Artemis data shows that Polygon has over $3 billion in stablecoin supply and handled over $29 billion in the last 30 days. Of these funds, payments accounted for over $480 million. In contrast, while USDC transaction volume was $3.7 trillion, its payment volume was less than $100 million.
Polygon’s growth has led to a surge in POL burning rate. In a post, the team noted that the network generated over 13.6 million in fees at its peak and burned 12.5 million tokens. Indeed, the number of POL tokens burned this year alone is much higher than the total burned in 2025.
Polymarket has also helped to drive Polygon’s growth.
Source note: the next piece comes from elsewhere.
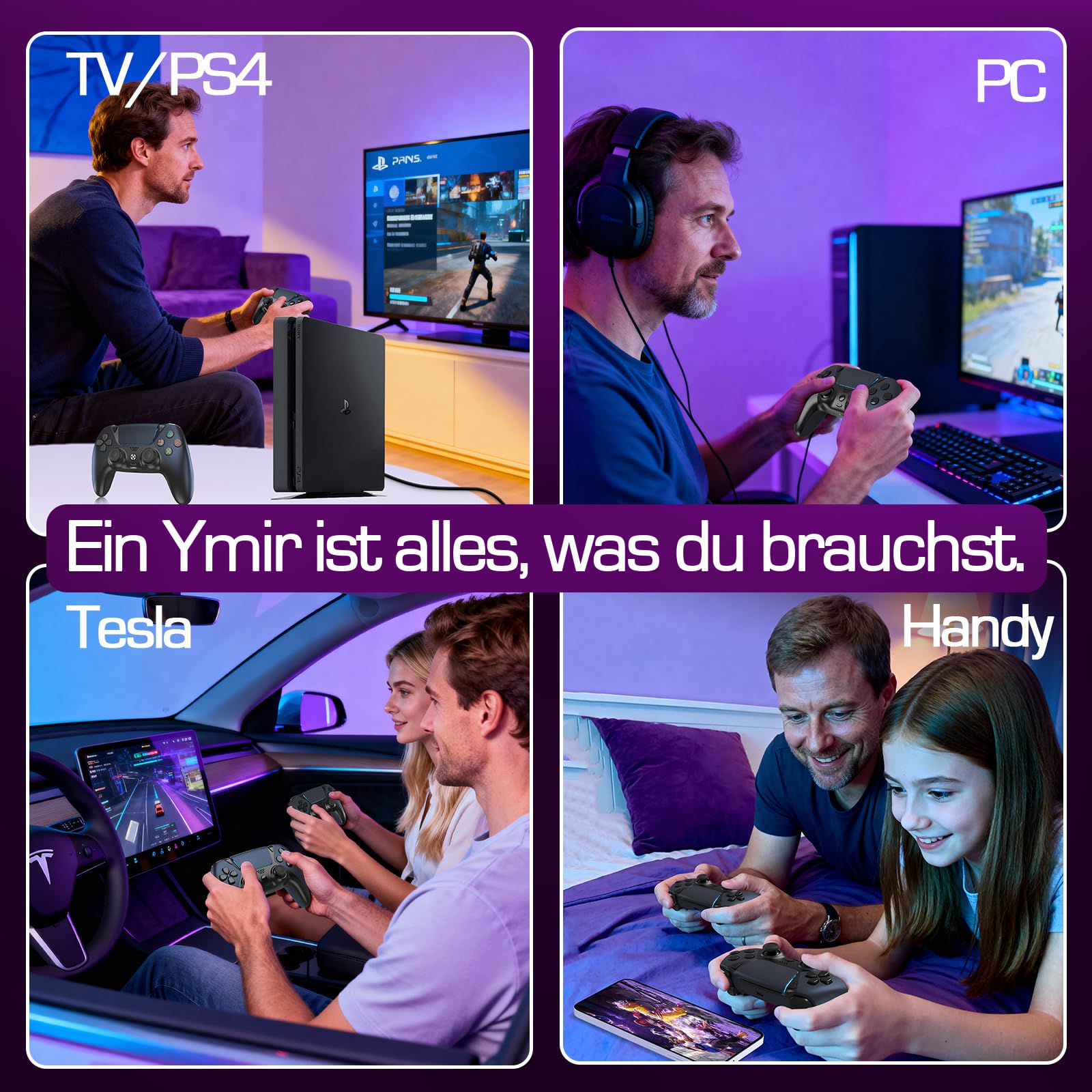 Ymir Wireless Luna Controller für Fire TV Stick, PC Bluetooth Gamepad, ALPS Joysticks ohne Drift Turbo Gyro 1200mAh Akku Schwarz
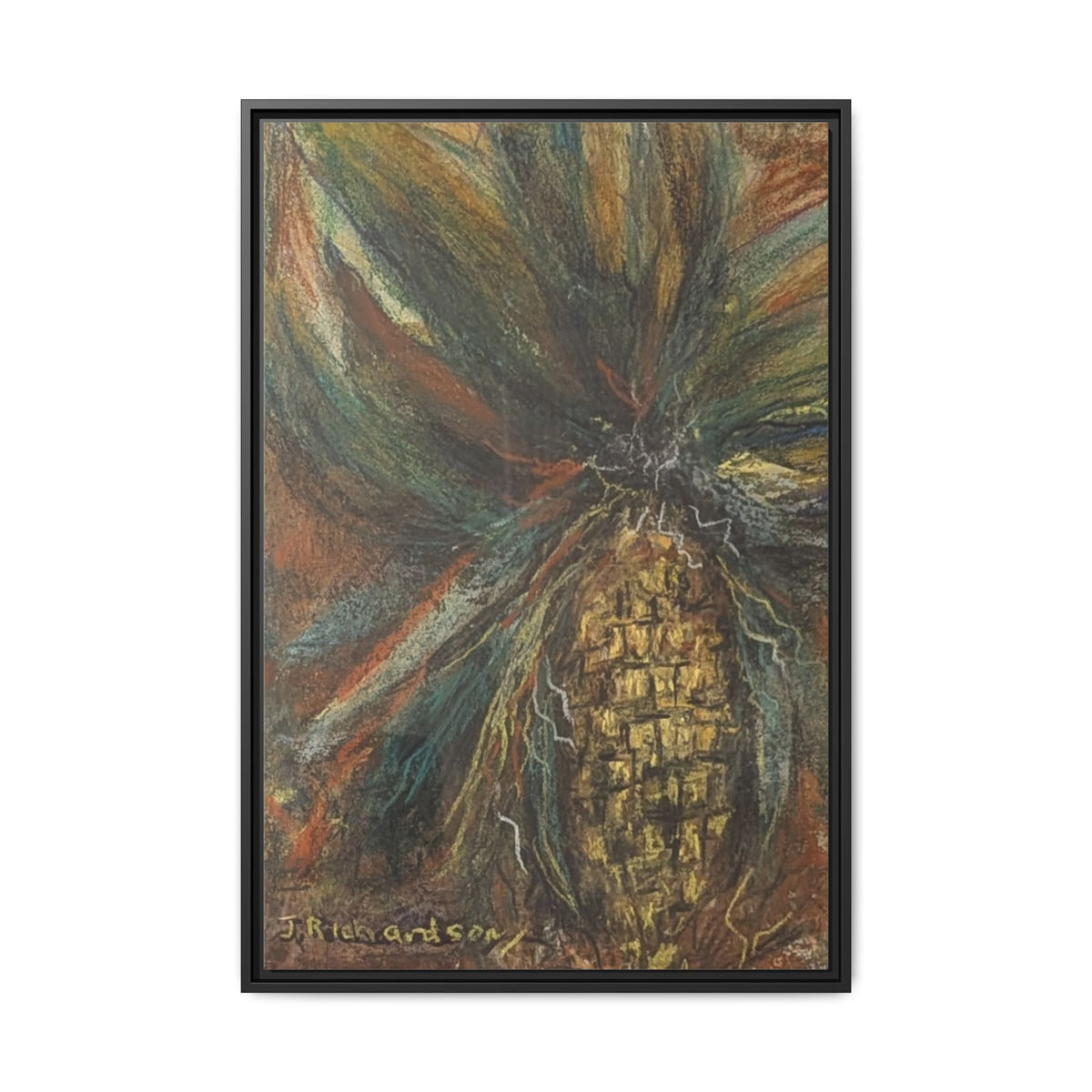 Forgotten Corn Husk Framed Canvas — Tropical Pineapple Matte Wall Art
Data shows that Polymarket had over $646 million in volume in the last seven days and over $2.34 billion in the last 30 days.
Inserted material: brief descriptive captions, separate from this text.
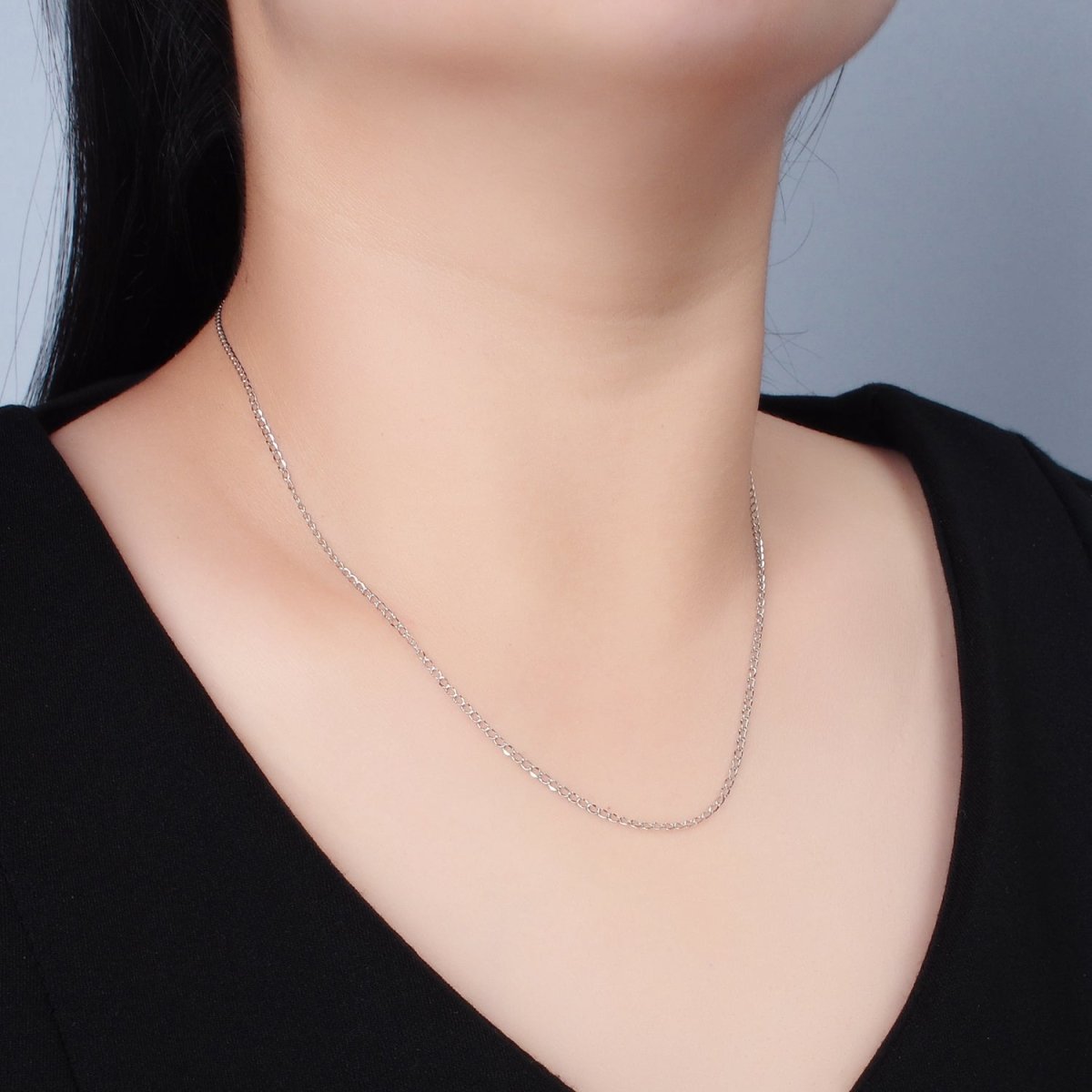 Stainless Steel 1.6mm Curb Chain 18 Inch Necklace in Gold & Silver | WA2606 WA2607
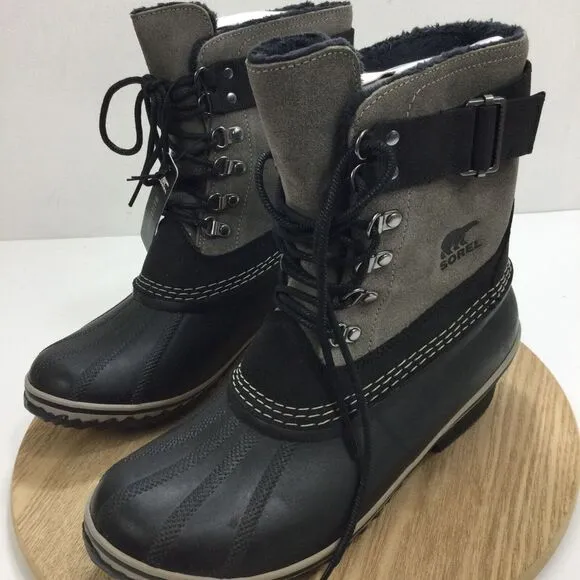 Sorel Womens Suede Waterproof Winter Fancy Lace II Boots Black/Kettle Size 10 US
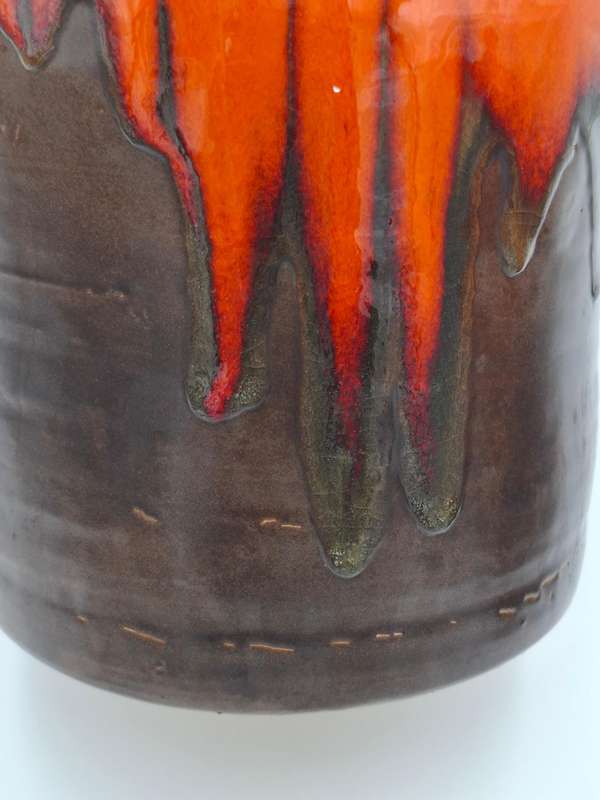Pair of Mid-Century Retro Orange & Brown Drip Glazed - Jug & Vase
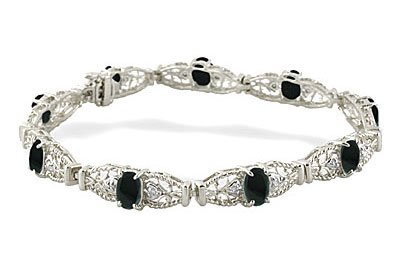 14K White Gold Genuine Oval Black Onyx and Diamond Bracelet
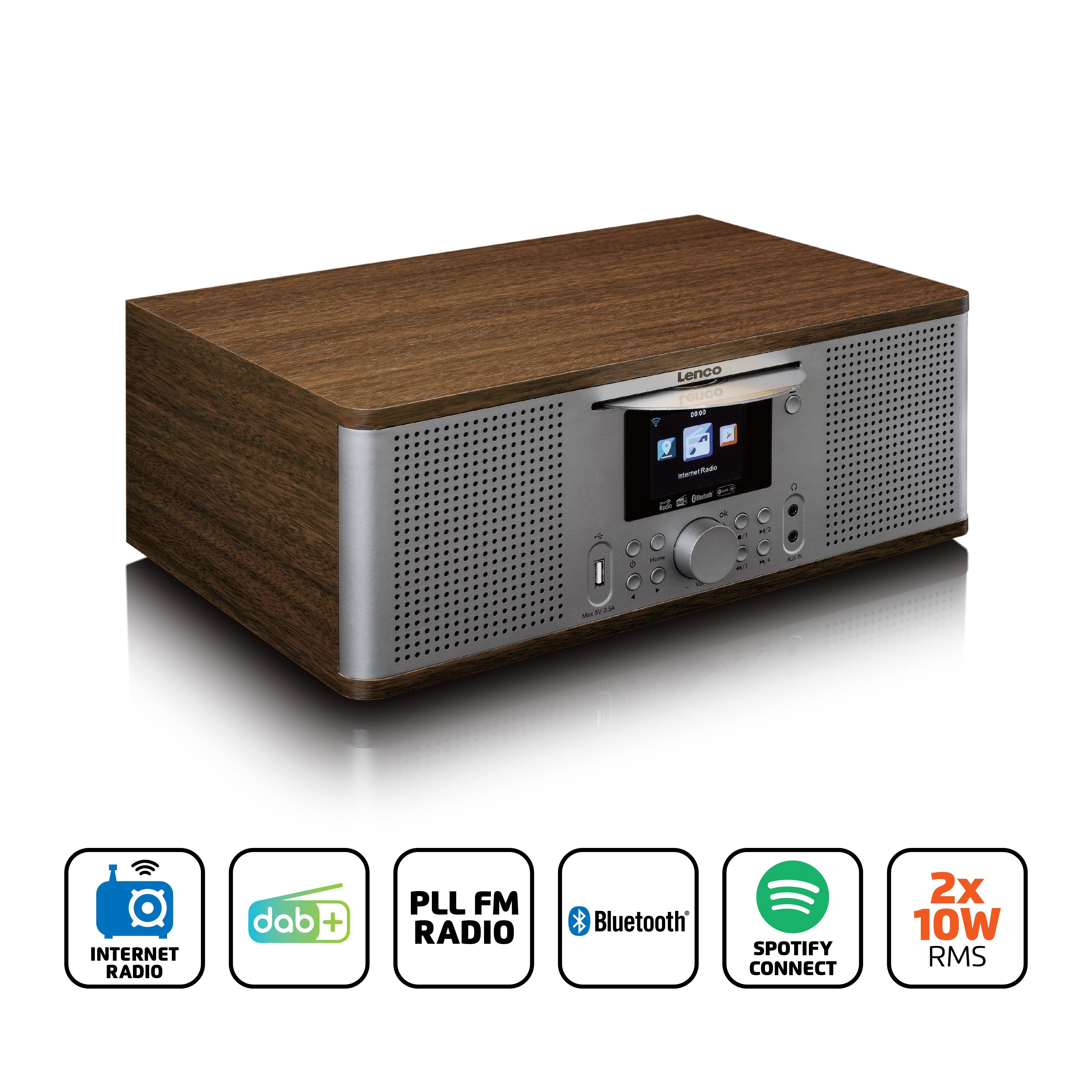 Lenco DIR-270WD Digitalradio (DAB) (DAB,DAB+,FM,Internet, 20 W, Radio mit WLAN, CD, MP3, Bluetooth, USB & LCD Farbbildschirm)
POL Price Technical Analysis

The daily chart shows that the Polygon price has staged a strong comeback as we predicted here. This rebound occurred as investors remained wary of competition from other layer-2 chains, such as Base and Arbitrum.
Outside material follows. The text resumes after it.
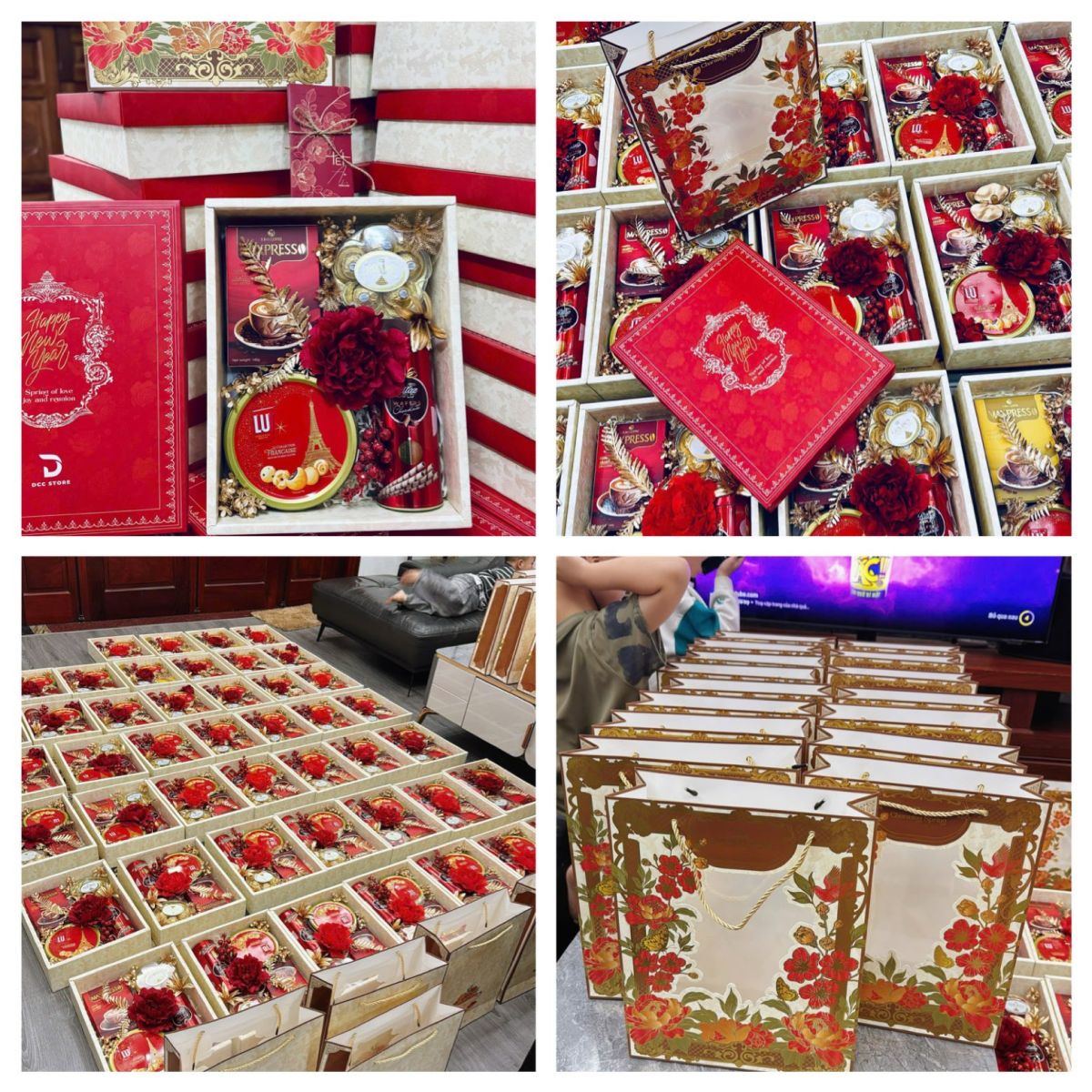 Đóng gói giỏ quà Tết Hải Phòng – in logo doanh nghiệp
The token has now moved above the 23.6% Fibonacci Retracement level and the 50-day and 25-day Exponential Moving Averages (EMA). Also, the Supertrend indicator has turned green, while top oscillators like the RSI and the MACD are rising.
Therefore, the coin will likely continue soaring as bulls target the 50% retracement level at $0.20, which is ~22% above the current level.